Later on today, the Earth will experience a Total Solar Eclipse. This means that for a short period of time, the moon will completely cover the sun. This is an event that occurs every one to three years but the 2024 total solar eclipse is a little more special.
Speaking in a recent YouTube video, science educator Hank Green said: “most of the time that there is a total solar eclipse, it’s just over the ocean and no-one is there to see it.
“This one is over land, over a lot of large cities and a lot of people are going to see it.”
For those who will be travelling to see the eclipse or happen to live in the path of it, NASA said: ” The sky will darken, as if it were dawn or dusk. Weather permitting, people in the path of a total solar eclipse can see the Sun’s corona, the outer atmosphere, which is otherwise usually obscured by the bright face of the Sun.”
Who will be able to see the total solar eclipse?
While there will be parts of the northern hemisphere that will experience this eclipse, it’s mostly going to be passing over Mexico, the United States, and Canada, according to NASA.
The total solar eclipse will begin over the South Pacific Ocean.
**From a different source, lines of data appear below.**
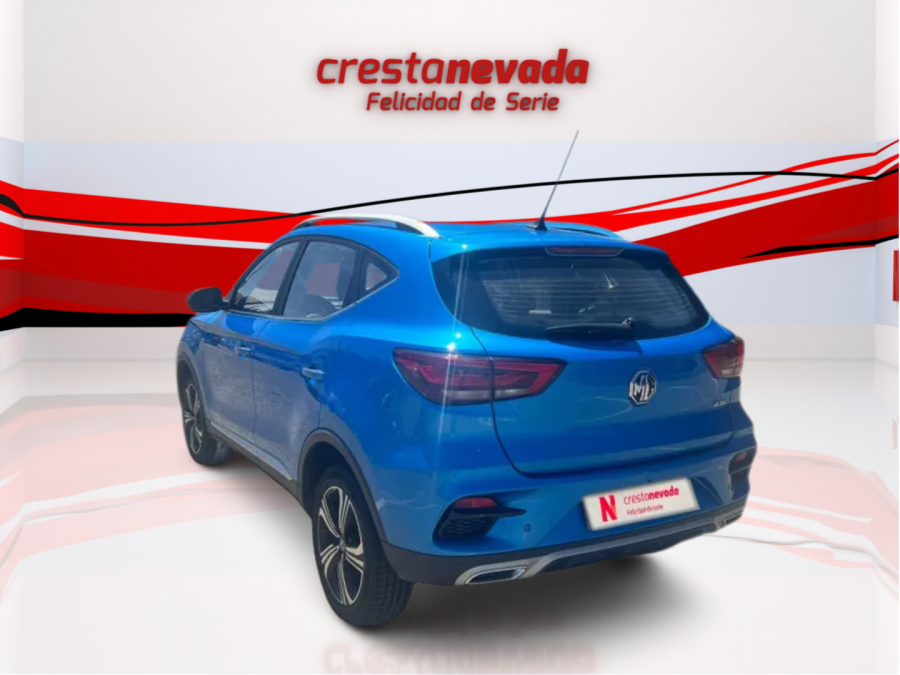 Imagen de Mg ZS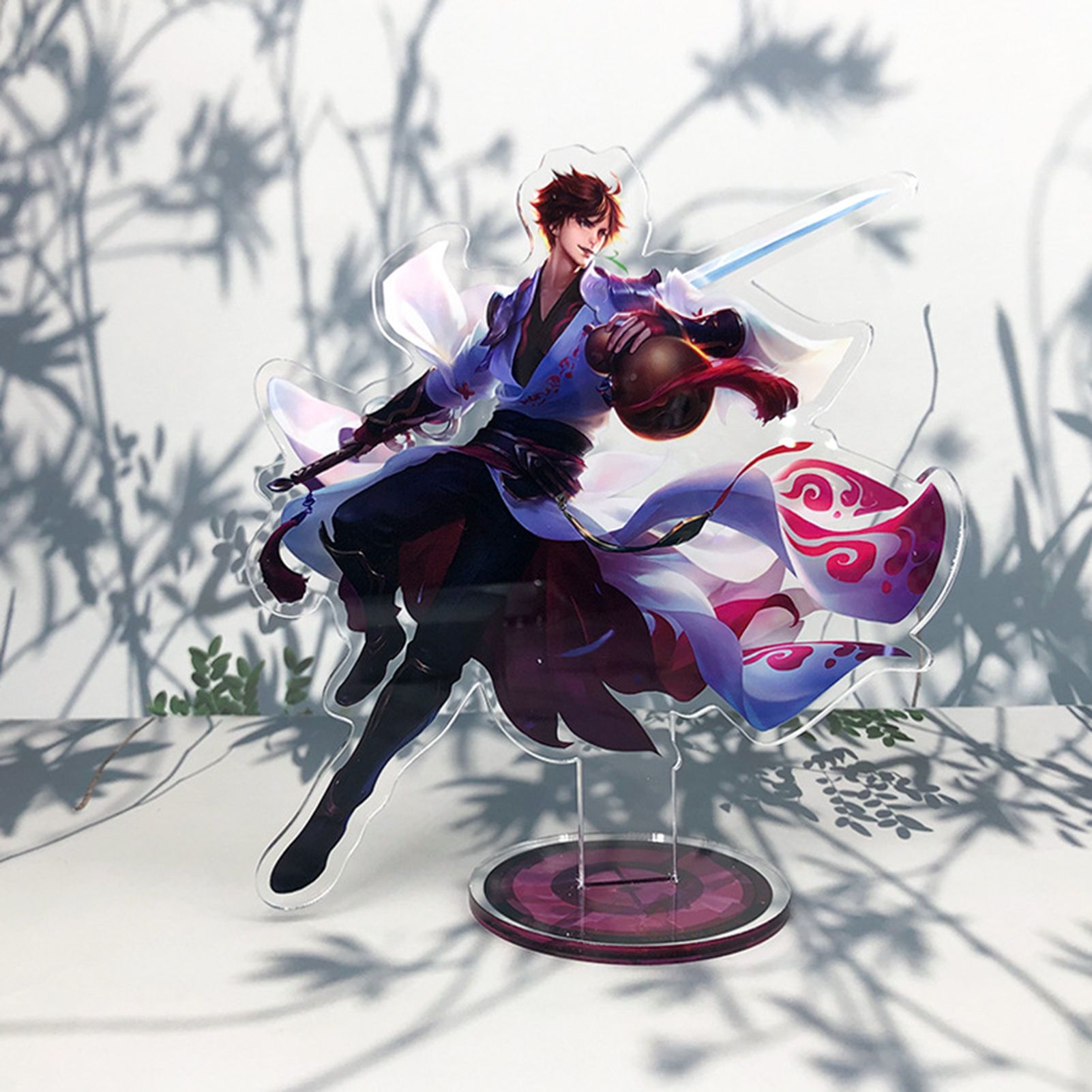 Stand Figure Solid Game Collection Honor of Kings Stand Display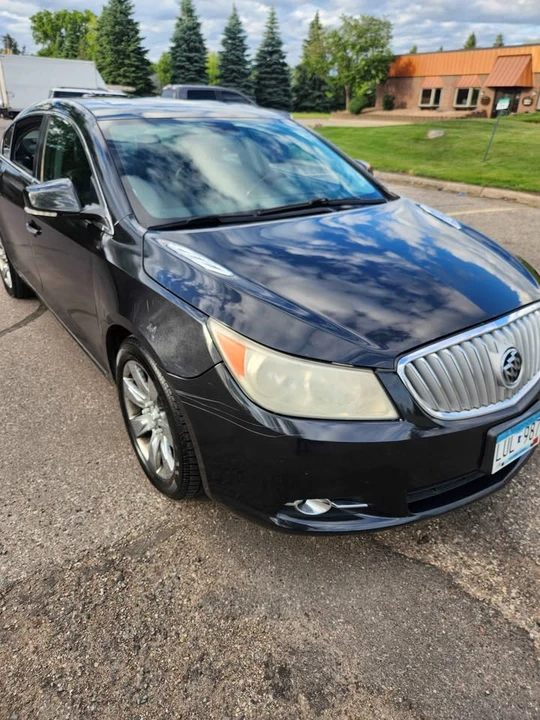 2010 Buick LaCrosse - Image 5 of 10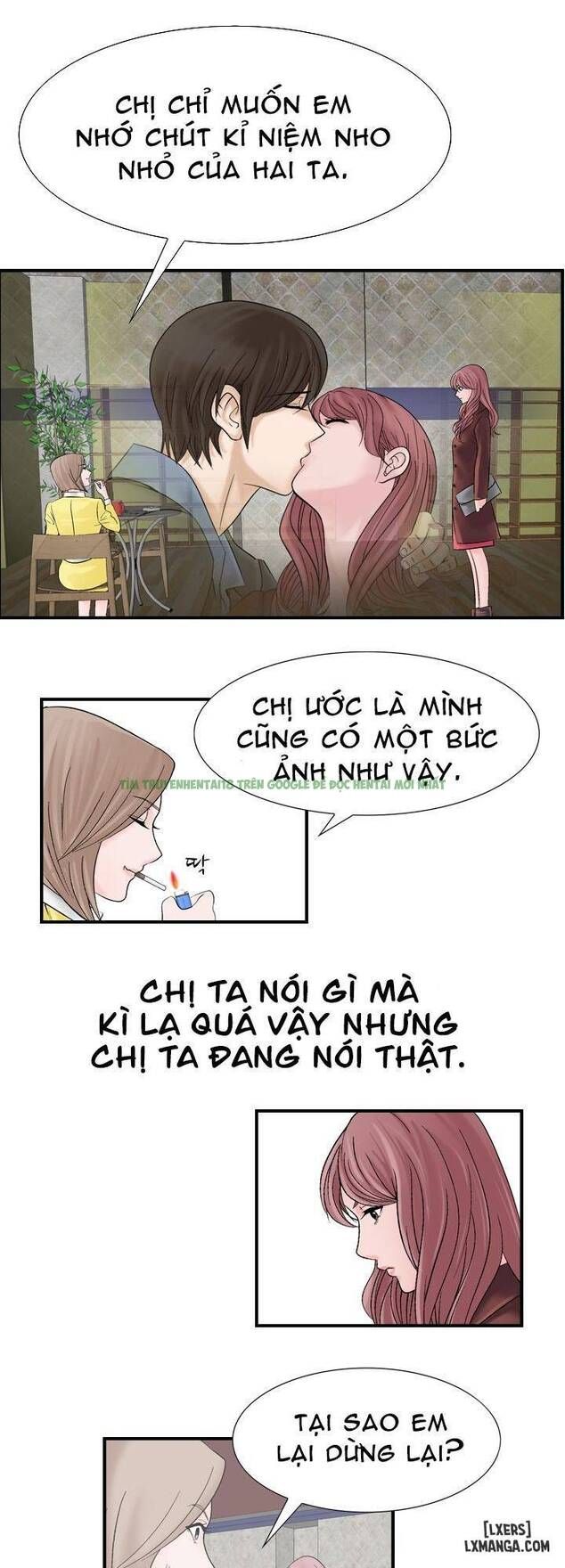 Mùi Vị Của Đôi Bàn Tay Chương 7 page 30 - Giả Dược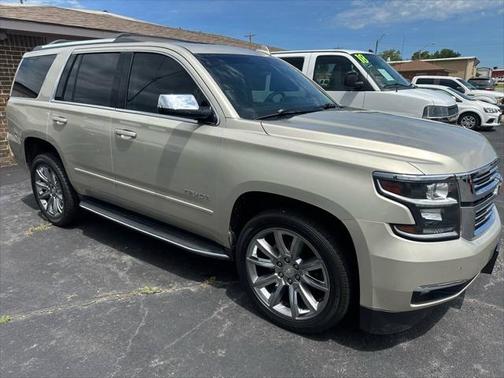 2017 Chevrolet Tahoe Premier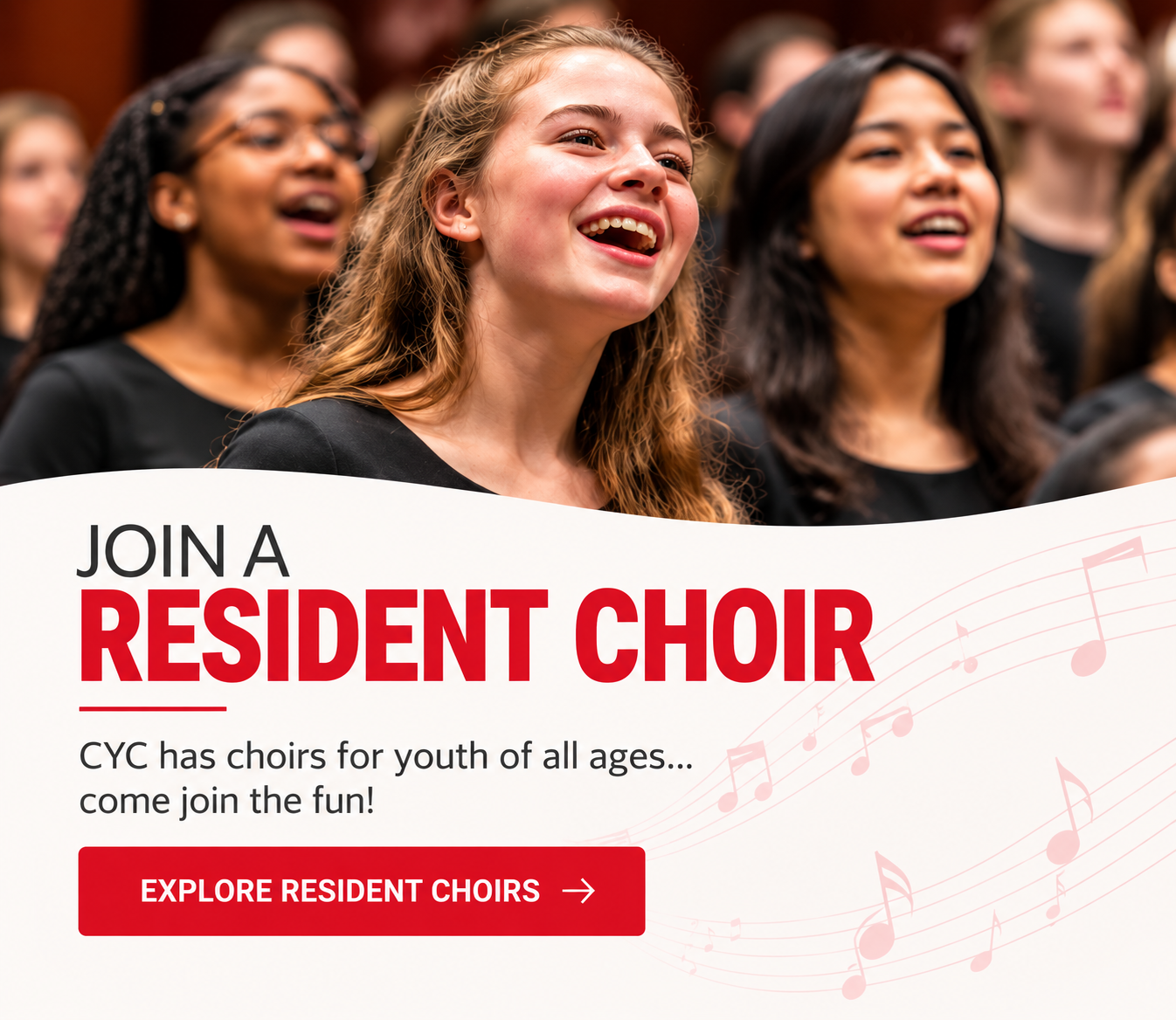 Resident Choir Graphic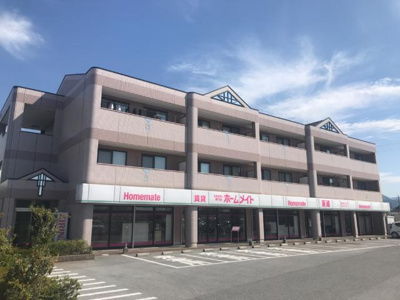 【外観】 | フォレスト・ヴィラ | 外観写真（昼）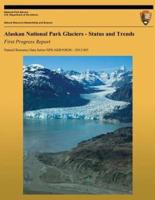 Alaskan National Park Glaciers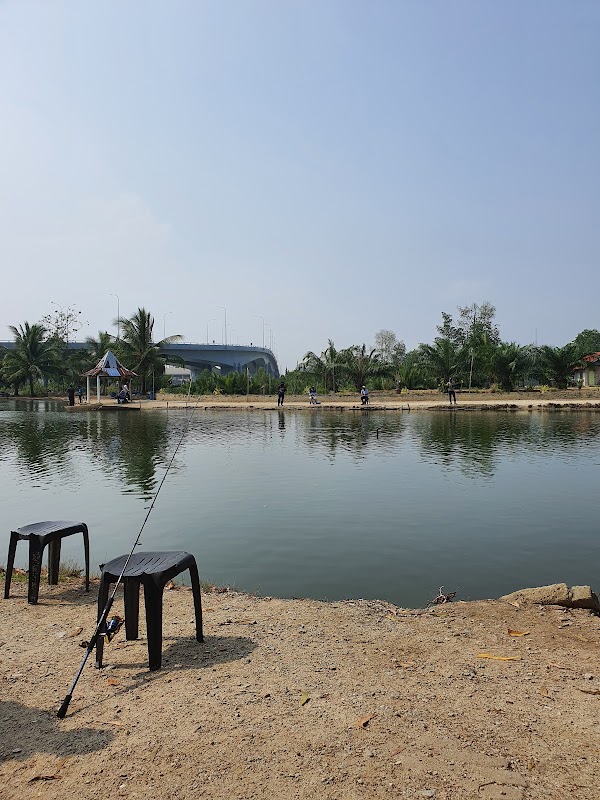 Kolam Memancing PokNik - Photo 1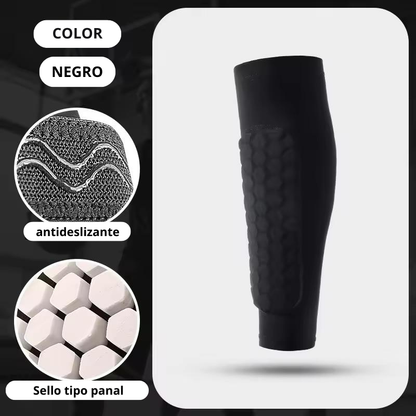 Calcetines Protectores de Espinilla 2.0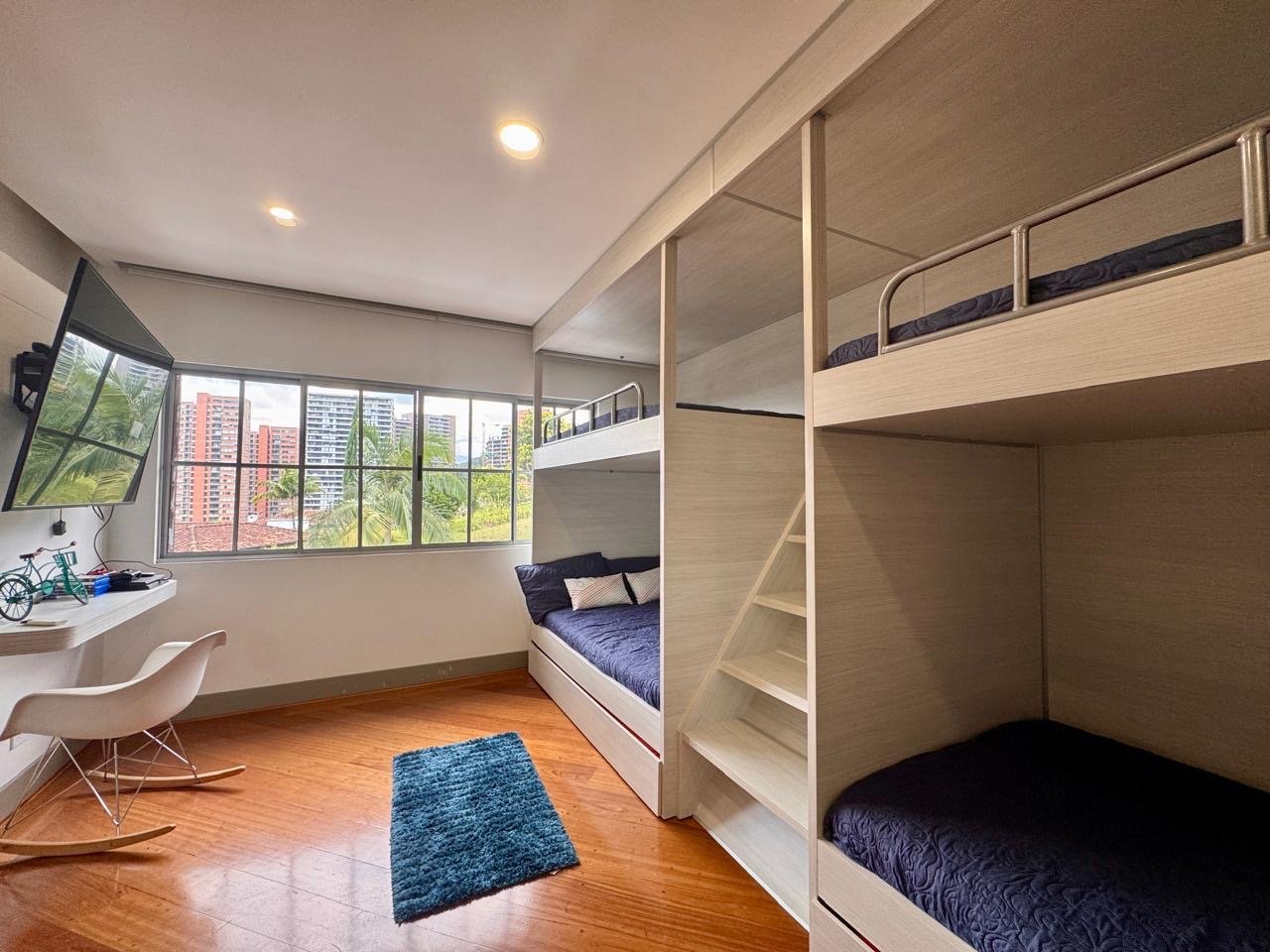 Exclusiva Casa en Renta en el Sector del Poblaro Medellín  — 11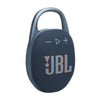 CASSA MINI SPEAKER CLIP 5 BLUE ALTOPARLANTE PORTATILE BLUETOOTH BLU (JBLCLIP5BLU)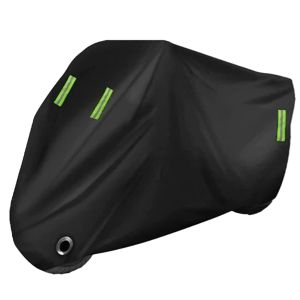 JIJI.SG Vaxjo Universal Motorcycle Cover Outdoor Anti-Dust UV Protective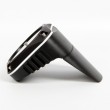 Baromètre Aurora noir cadran 8 cm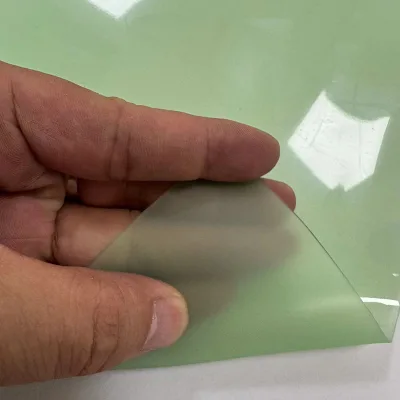 Custom Color Popular Transparent Tpu Film for Fashion Shoes Sole Protector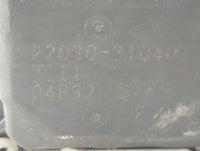 2006-2017 Lexus Is350 Throttle Body P/N:22030-31040 Fits Fits 2006 2007 2008 2009 2010 2011 2012 2013 2014 2015 2016 2017 OE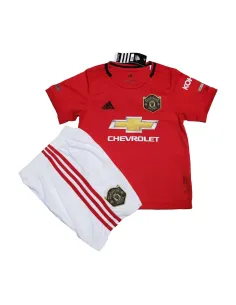 MANCHESTER UNITED,PACK ENSEMBLE ENFANT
Weather permitting, the first location in continental North America that will experience totality is Mexico’s Pacific coast. Following this, it will pass through: Texas, and travel through Oklahoma, Arkansas, Missouri, Illinois, Kentucky, Indiana, Ohio, Pennsylvania, New York, Vermont, New Hampshire, and Maine.
Additionally, according to NASA, small parts of Tennessee and Michigan will also experience the total solar eclipse.
Eventually, the eclipse will enter Canada in Southern Ontario, and continue through Quebec, New Brunswick, Prince Edward Island, and Cape Breton. The eclipse will exit continental North America on the Atlantic coast of Newfoundland, Canada.
An incredible number of densely-populated cities.
What time does the total solar eclipse happen in the UK?
For the UK, according to the BBC, this path goes across some of England: “if you draw a line from about Fowey in Cornwall to Berwick upon Tweed in Northumberland, then everything west of that line might just get a view of the Moon biting the edge of the Sun as it disappears over the horizon.”
However, if it’s too cloudy or you don’t fall into this radius, you can watch it as it happens on the BBC website livestream.
According to the BBC: “It should be possible to catch a partial eclipse from western parts of the UK just before sunset – weather allowing.”
Why can’t you look directly at an eclipse?
As tempting as this may be — understandably, it’s an eclipse! —, you should not look directly at an eclipse without wearing special eclipse glasses which are very different to sunglasses.
According to Green: “During an eclipse, especially in the latter parts of an eclipse, it’s going to feel like you can look at the sun because it’s going to be way less bright and you’re going to want to!”
However, he warned, even a momentary glimpse can be extremely dangerous: “If you stare at [the eclipse] for just a little too long, you will burn your retina, you will have to go to the doctor, you may never get your vision all the way back.”
Noted. Will stick to the livestream.